The historical breadth of Owens’ book both in its genealogy of liberalism and the practices of counter-insurgency is impressive. Although, as I will explore in more detail later, the diversity of geography explored in the development of counter-insurgency is not paralleled in her account of the development of liberalism as a specific practice of governance, which is almost entirely confined to Europe. However, the case studies for counter-insurgency range from the U.S. in the Philippines, the British in Kenya, France in Algeria, and the U.S. again this time in Vietnam and subsequently Afghanistan and Iraq. The sweeping history and diverse geography of histories paints a picture of counter-insurgency as a kind of paradigm of order, rather than as some on-again/off- again tactic in a broader arsenal of military thinking. For Owens, as I understand her, counter-insurgency, with the home and social as its field of operations, is what liberalism looks like when it goes on the road.

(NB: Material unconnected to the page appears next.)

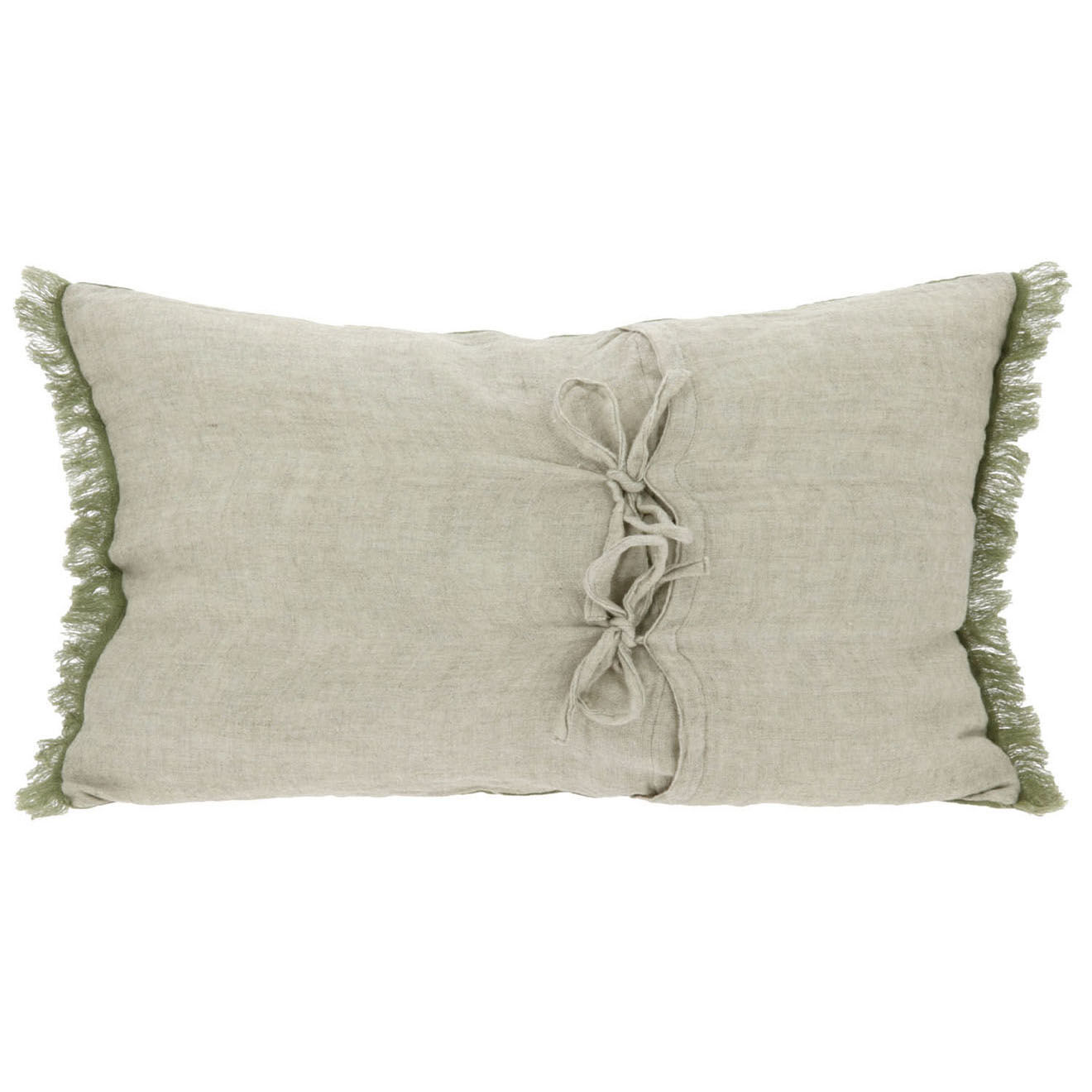 En Fil d'Indienne Housse de coussin Étamine kaki - 45x100 cm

Importantly, Owens’ account of counter-insurgency diverges significantly from those of John Nagl and David Kilcullen, who treat the practice as a kind of minor art in the martial repertoire of the 20th century. There is a very specific version of history that follows the now famous Counter Insurgency Field Manual that emerged alongside General David Petraeus’ meteoric rise to command during Operation Enduring Freedom. In this version of events, the U.S. experimented with counter-insurgency in Vietnam, but in the wake of the failure of this war, left it behind. According to Sarah Sewall’s introduction to the academic version of the Field Manual, counter-insurgency after Vietnam was “relegated to U.S. Special Forces” (CIFM, xxiii). Writings on counter-insurgency by military historians and practitioners reinforce this view, focusing on counter-insurgency as mostly being European in origin. In particular, the attempt to ‘reinvent’ counter-insurgency as an art of war in the U.S. Field Manual took the British in Malay and the French in Algeria as the classical origins of population-centric warfare eschewing the much longer history of U.S. ‘irregular warfare’ at home and abroad.
Owens’ much longer history and direct connection to the ‘domestic’ politics of politicizing and governing the home radically shifts this frame of reference. By placing the construction of the social and its attendant crises as a space for modern governance alongside foreign occupations and pacifications, the reader is able to see a more general political episteme of which foreign violence is merely an extreme version. In Owens’ account there is no fundamental break between politics and war, and citizen and enemy, as liberalism finds its footing in counter-insurgency practices.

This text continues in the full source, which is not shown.